◆ RECORDED DATA:
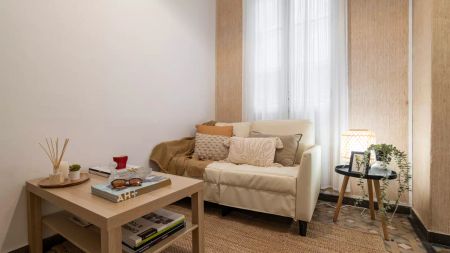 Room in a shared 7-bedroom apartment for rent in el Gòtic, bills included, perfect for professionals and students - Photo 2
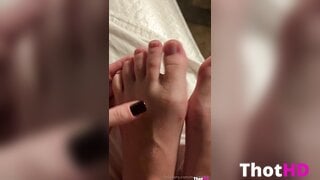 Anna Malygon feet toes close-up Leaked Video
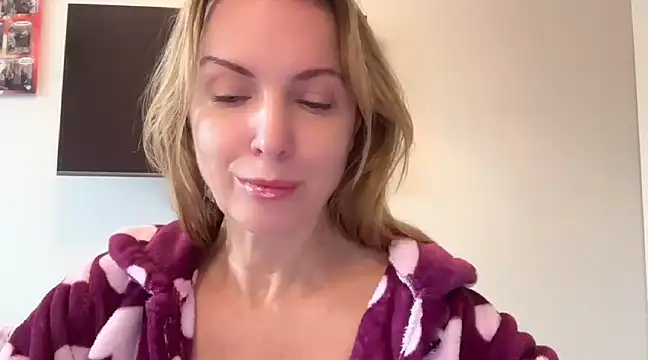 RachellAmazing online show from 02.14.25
* * *
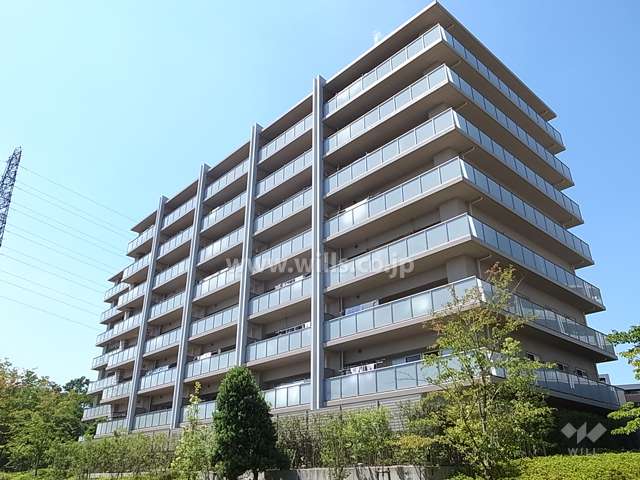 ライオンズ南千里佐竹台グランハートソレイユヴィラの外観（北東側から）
* * *
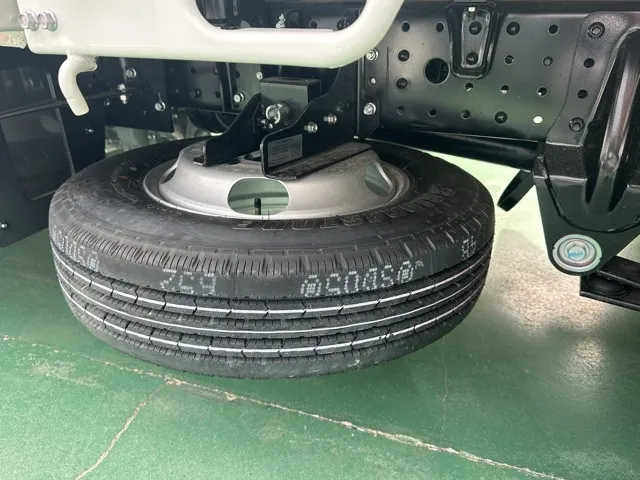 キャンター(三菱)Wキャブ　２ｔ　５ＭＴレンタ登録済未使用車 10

◆ TASK DIRECTIONS:
Copy only this from above: the line containing "Room in a shared", the line containing "RachellAmazing online show from 02.14.25", and all lines between, printed exactly. Leave out the pictures.

◆ RESPONSE TO THIS EXERCISE:
 Room in a shared 7-bedroom apartment for rent in el Gòtic, bills included, perfect for professionals and students - Photo 2
 Anna Malygon feet toes close-up Leaked Video
 RachellAmazing online show from 02.14.25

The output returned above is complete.